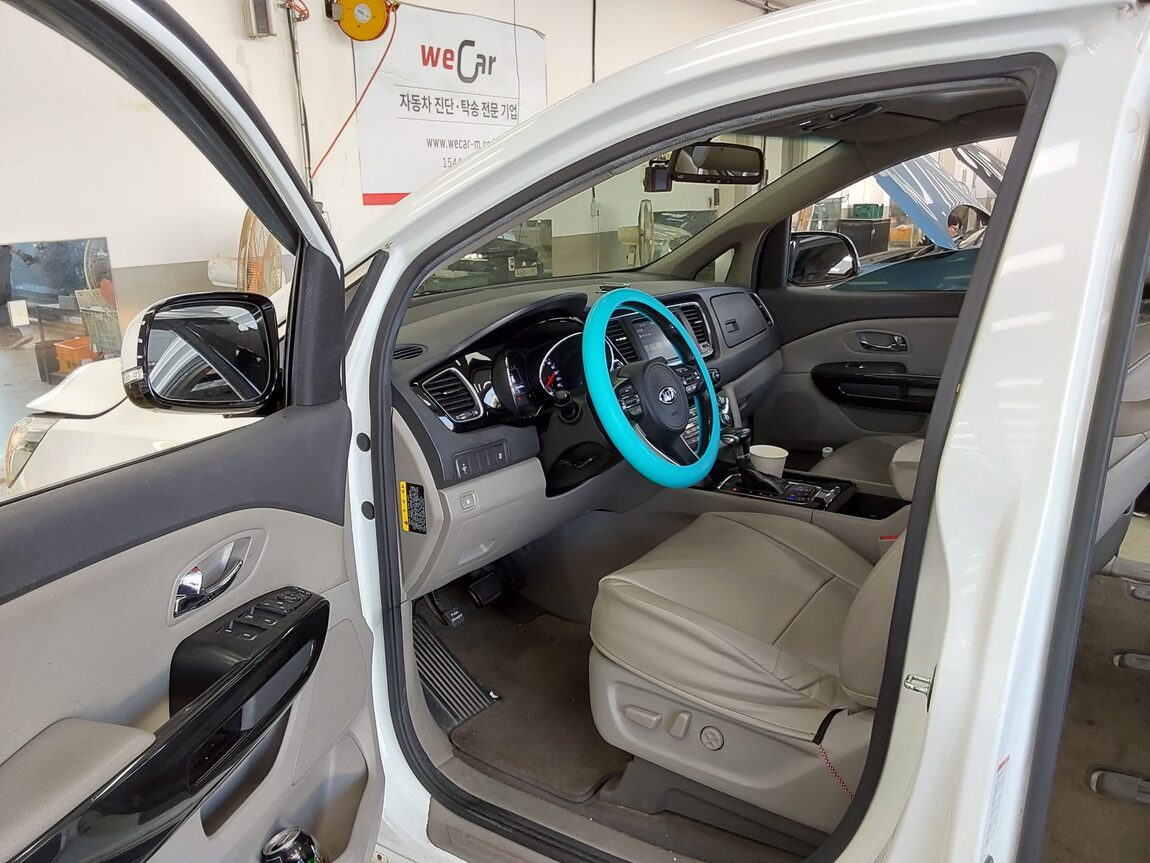 KIA ALL NEW CARNIVAL 9-SEATER DIESEL PRESTIGE 2017 - zdjęcie 10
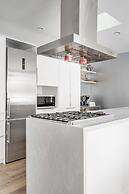 Modern Chic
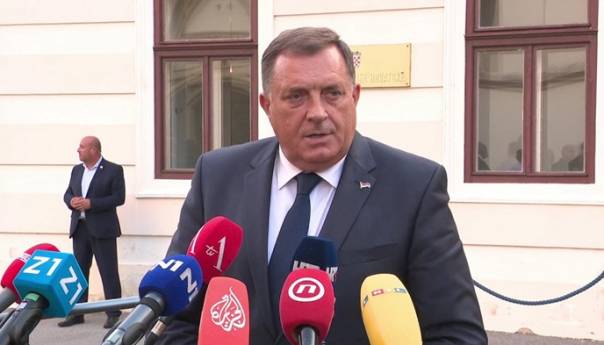 Mediji u Hrvatskoj o Dodikovoj posjeti, reakcije Kosor, Pilsela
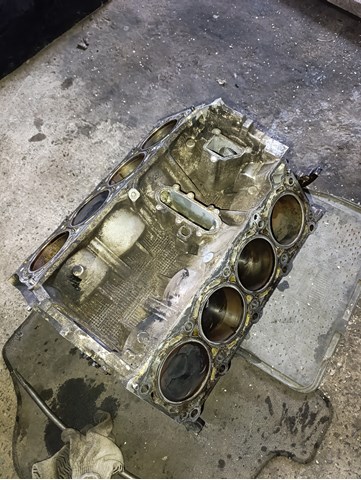 Блок циліндрів двигуна 110009FV1A NISSAN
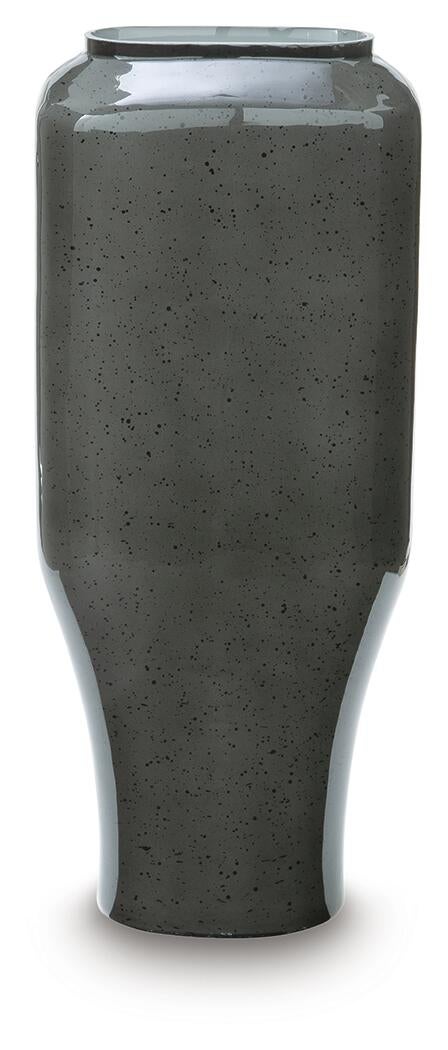 Kierlain Vase 2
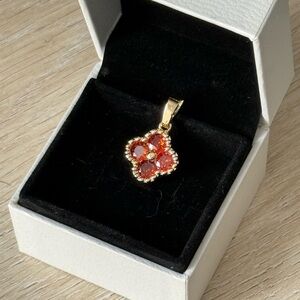 Gold four leaf clover Pendant Necklace
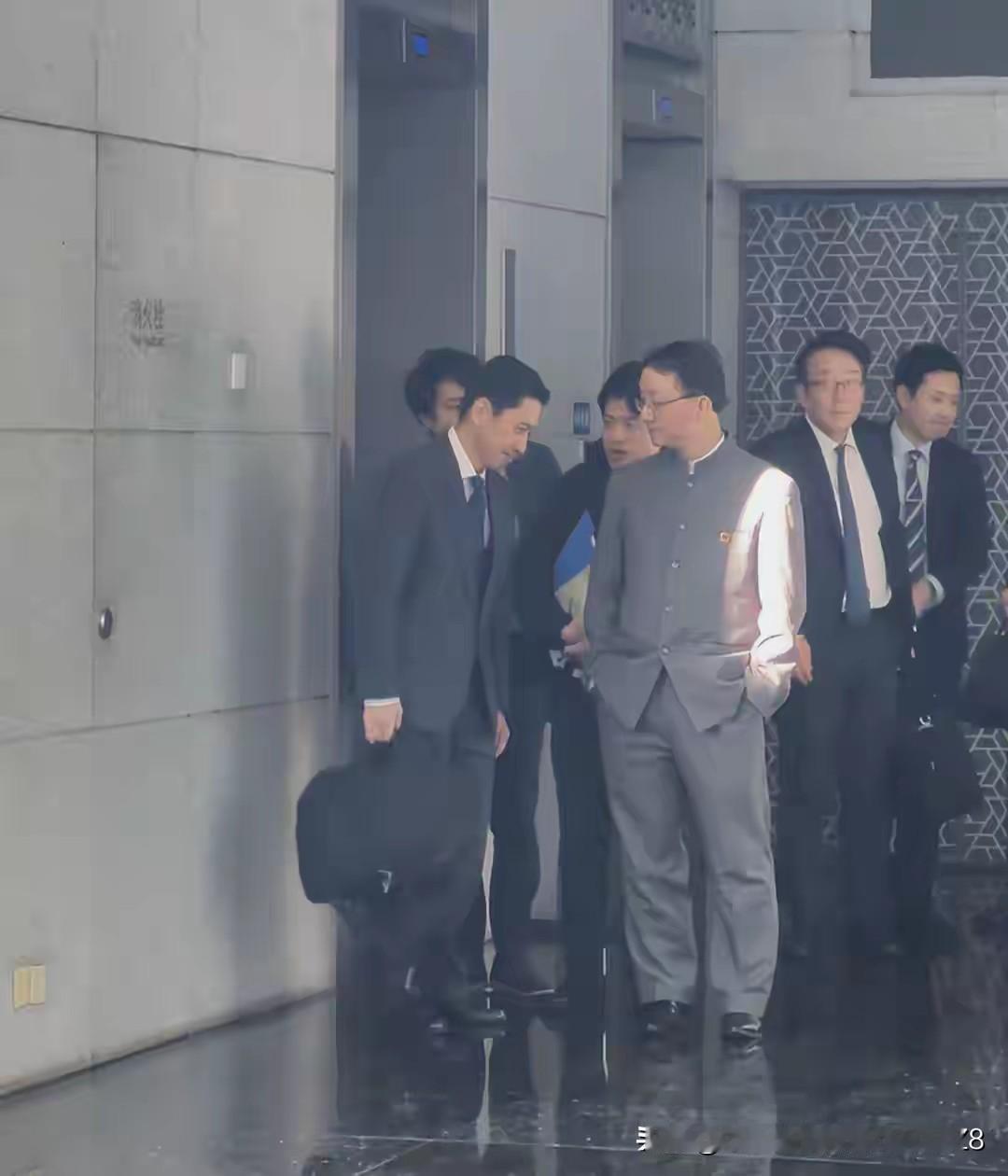 日本要求中国解释双手插兜！中方果断回应：现场大多数是日本媒体这几天一张中日外交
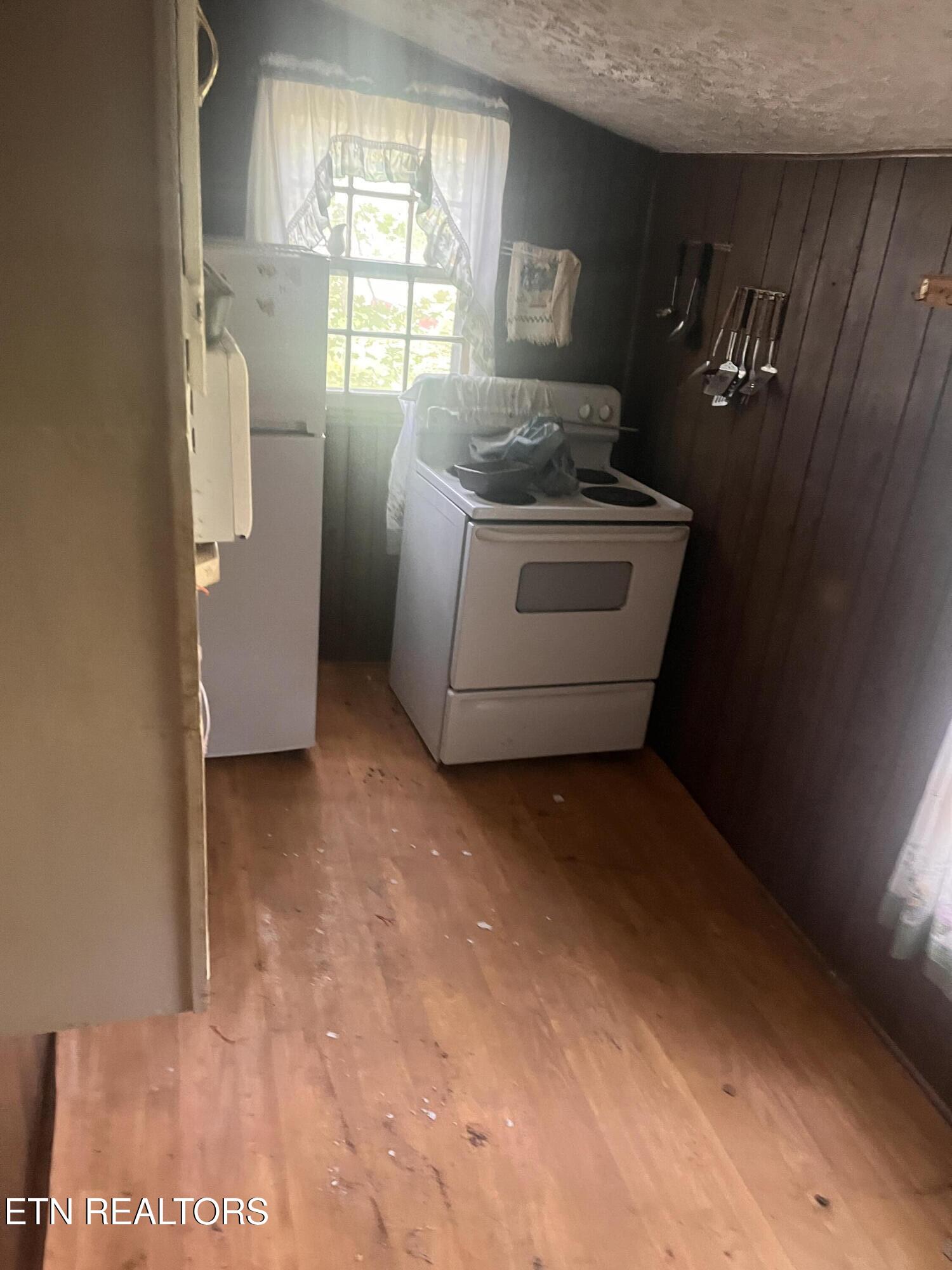 346 Wolfenbarger Lane Luttrell, TN 37779 - Photo 6 of 33 IMG_3496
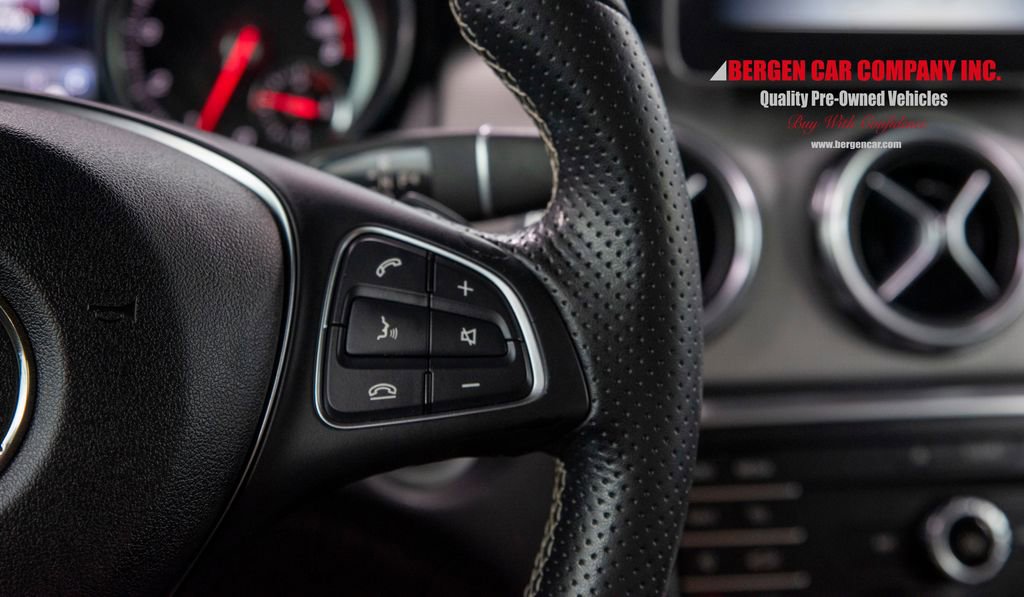 Used 2018 Mercedes-Benz GLA 250 4MATIC image 29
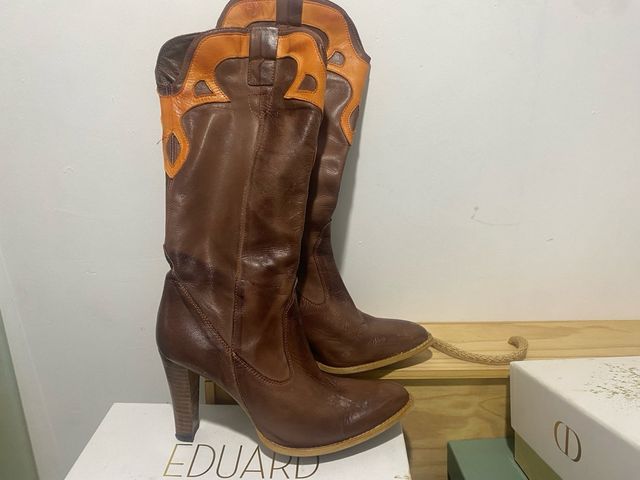 Botas western marron y naranja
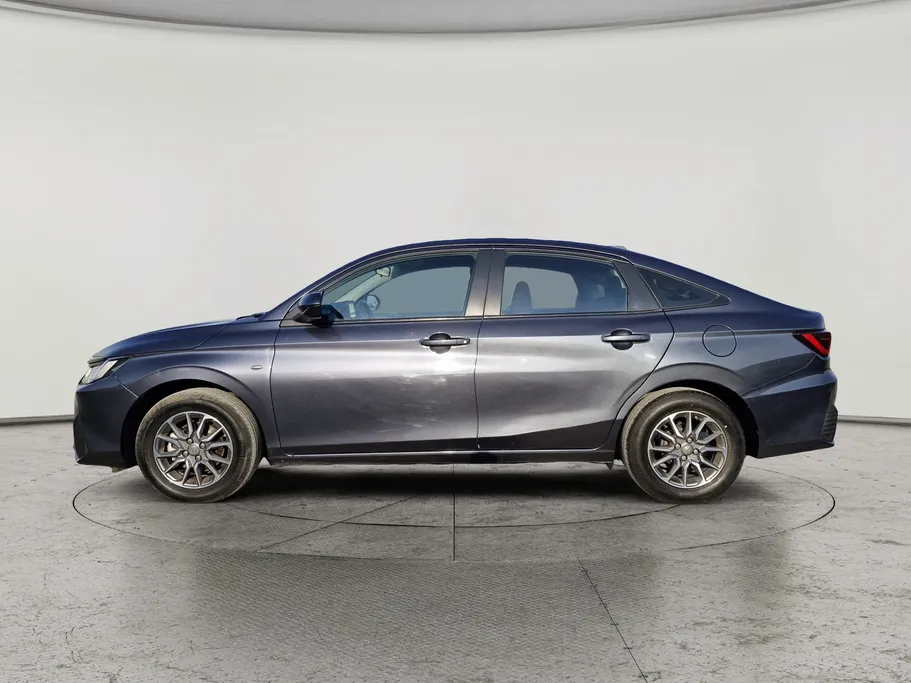 2023 Toyota Yaris  Y 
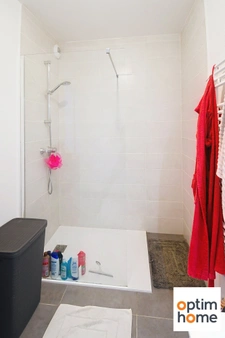 APPARTEMENT PLAIN PIED 50M2 ENVIRON - TERRASSE - PLACE DE PARKING PRIVATIVE - VENDU MEUBLE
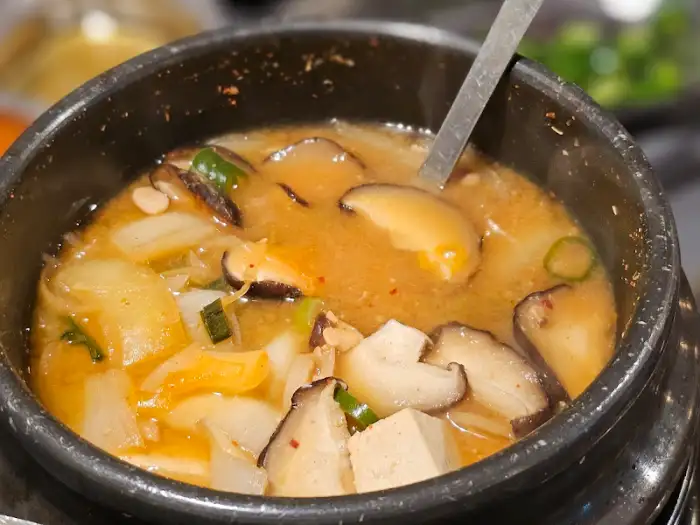 뚝배기에 담긴 된장찌개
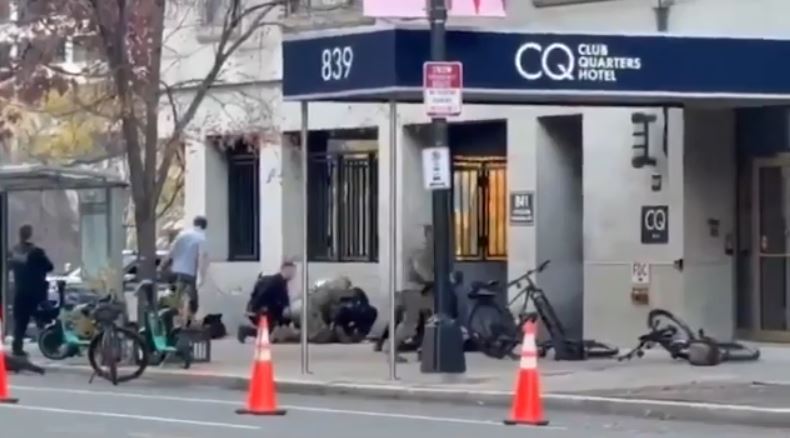 ΗΠΑ: Αφγανός υπήκοος πυροβόλησε και τραυμάτισε δύο μέλη της Εθνοφρουράς κοντά στον Λευκό Οίκο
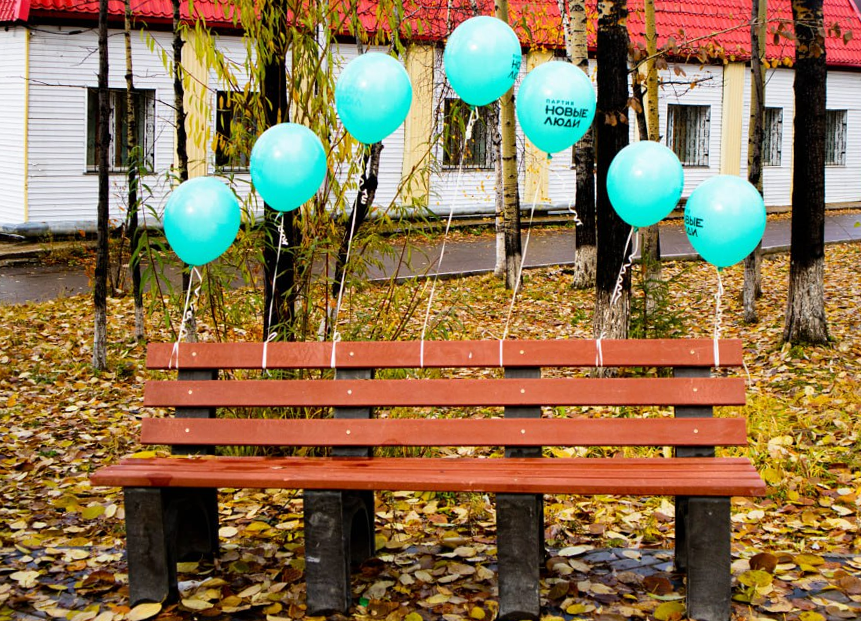 Уникальная эко-скамейка стала символом экологической активности в Алдане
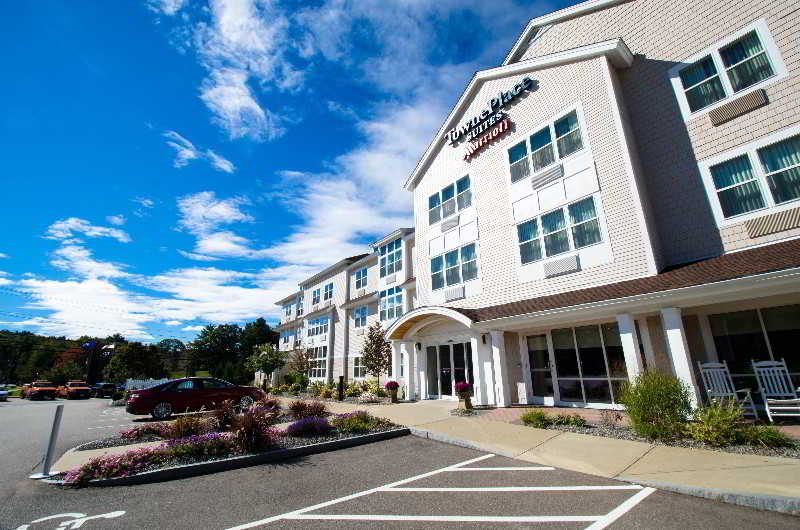 TOWNEPLACE SUITES BY MARRIOTT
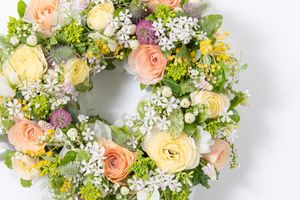ラナンキュラスから広がる春景色。軽やかな躍動をまとうフラワーリース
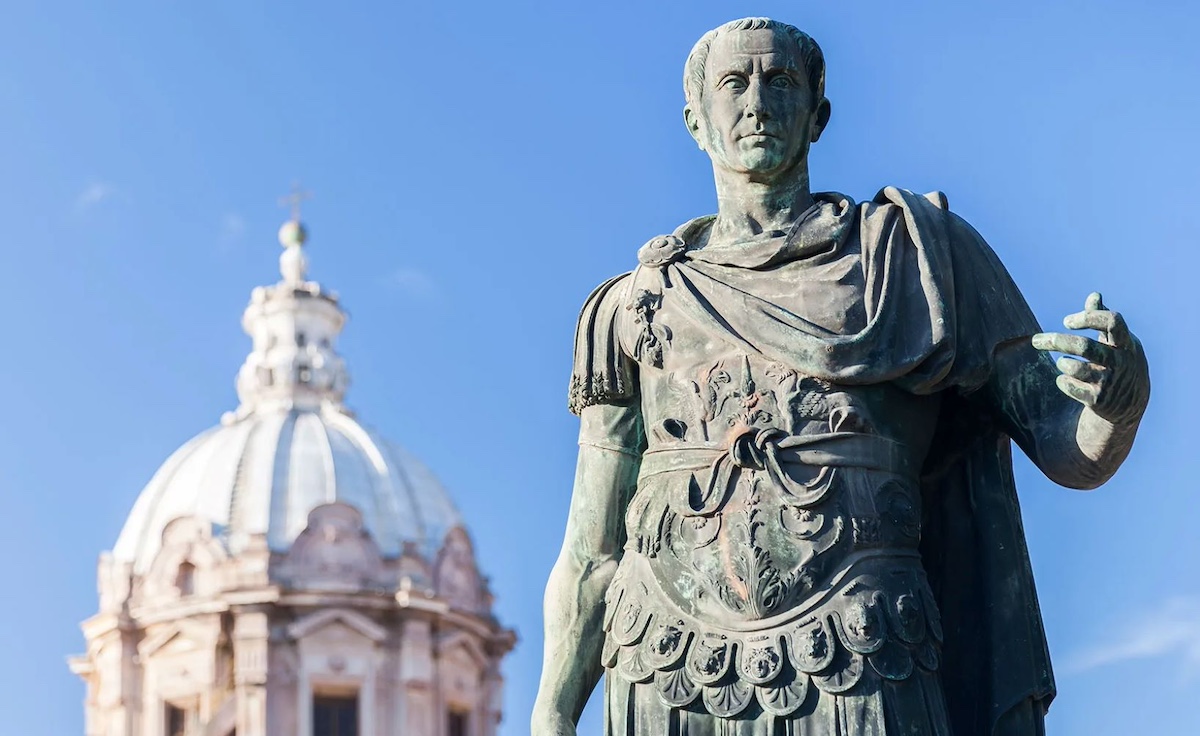 The Iconic Julius Caesar Statue in Rome: A Symbol of Power hero image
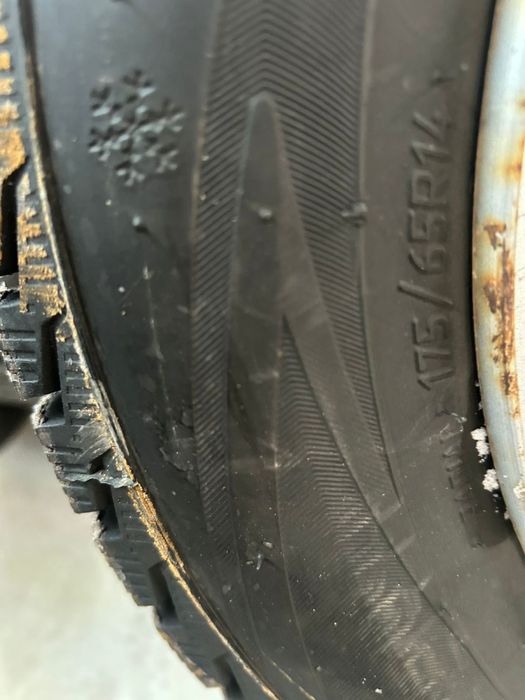 Шипованная резина вместе с дисками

———

EXERCISE DESCRIPTION: Reproduce the material above exactly, first line through the line that contains "Gold four leaf clover Pendant Necklace", minus the pictures.

TASK ANSWER:
 KIA ALL NEW CARNIVAL 9-SEATER DIESEL PRESTIGE 2017 - zdjęcie 10
 Modern Chic
 Mediji u Hrvatskoj o Dodikovoj posjeti, reakcije Kosor, Pilsela
 Блок циліндрів двигуна 110009FV1A NISSAN
 Kierlain Vase 2
 Gold four leaf clover Pendant Necklace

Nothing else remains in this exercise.